Thought for the Week

Most conversations over lunch are quickly forgotten, but this one won’t be - ever. We were in Sri Lanka, part of a group visiting producers of Created (Tearcraft) fairly traded goods to see what difference the work was making to peoples’ lives.

Two of our group had been travelling in the country the week before. They were telling us about women tea pickers they had met. The women’s daily target was to pick 20kg tea. Their daily wage was 100 rupees. “And,” said Shiran, our host, “a loaf of bread costs 50 rupees.”

Those challenging facts are what will stick in the mind; 100 rupees (60p) for picking 20kg (our airline’s baggage allowance) of tea leaves. 100 rupees - enough to feed a family even a limited diet? What happens about the other expenses - clothing, fuel, medicines, transport, school...? 60p for a day’s work. Where’s the justice in that?

The answer, as in so many cases, is that there is no justice. And yet, the Bible tells us over and over that justice really matters to God. In the book of Micah you’ll find the question asked: “And what does the Lord require of you?” The answer - “To act justly, love mercy, and walk humbly with your God.”

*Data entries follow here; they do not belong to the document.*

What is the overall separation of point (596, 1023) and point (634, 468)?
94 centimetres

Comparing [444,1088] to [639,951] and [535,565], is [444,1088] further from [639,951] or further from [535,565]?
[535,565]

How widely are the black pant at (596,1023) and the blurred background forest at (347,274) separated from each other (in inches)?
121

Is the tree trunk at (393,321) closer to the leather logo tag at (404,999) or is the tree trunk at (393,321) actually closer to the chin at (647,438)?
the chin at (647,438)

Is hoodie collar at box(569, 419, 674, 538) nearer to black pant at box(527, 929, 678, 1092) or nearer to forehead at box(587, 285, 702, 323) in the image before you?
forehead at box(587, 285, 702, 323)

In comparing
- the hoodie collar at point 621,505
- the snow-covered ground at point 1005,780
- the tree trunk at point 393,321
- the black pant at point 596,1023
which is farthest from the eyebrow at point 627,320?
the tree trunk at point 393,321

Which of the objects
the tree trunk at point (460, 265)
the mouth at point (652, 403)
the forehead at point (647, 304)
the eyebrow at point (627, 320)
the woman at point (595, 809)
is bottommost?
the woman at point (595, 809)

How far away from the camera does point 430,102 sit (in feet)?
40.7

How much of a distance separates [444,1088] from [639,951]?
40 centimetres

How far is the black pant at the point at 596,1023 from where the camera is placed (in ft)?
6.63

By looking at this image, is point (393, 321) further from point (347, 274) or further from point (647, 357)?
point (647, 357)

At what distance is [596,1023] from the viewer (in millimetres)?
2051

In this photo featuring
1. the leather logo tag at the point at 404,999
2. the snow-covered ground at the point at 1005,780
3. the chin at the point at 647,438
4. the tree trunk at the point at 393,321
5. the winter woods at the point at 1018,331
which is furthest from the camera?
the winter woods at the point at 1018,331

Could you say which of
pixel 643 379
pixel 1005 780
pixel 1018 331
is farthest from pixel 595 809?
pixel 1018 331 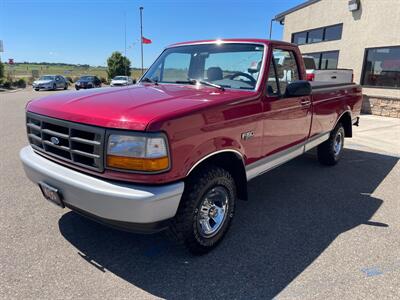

We all (without exception?) enjoy getting a bargain, but when we look behind the price tag, too often we find that we save at someone else’s expense. Sometimes the expense is financial. Supermarket food promotions, for example, are often at least part-funded by reduced prices for our farmers. Sometimes, it’s far worse. Three facts, in recent publicity from the IT company Apple hang together uncomfortably: the advertising of a more affordable iPod; the announcement of record $13 billion profits for the last quarter; the setting up of an investigation into the working conditions which have driven workers to suicide in the Chinese factory which is Apple’s main supplier.

We’re now at the start of Fairtrade fortnight, a good time to think through these things - and to commend the buying of Fairtrade products. Their range is increasing and their quality good. OK, sometimes the products are slightly more expensive but that’s for the best of reasons. The little extra gives Fairtrade tea pickers, and other workers, fair wages and decent working conditions and provides their communities with a premium to spend on the basic facilities they need. It’s just a little extra for us, but it makes a world of a difference to them.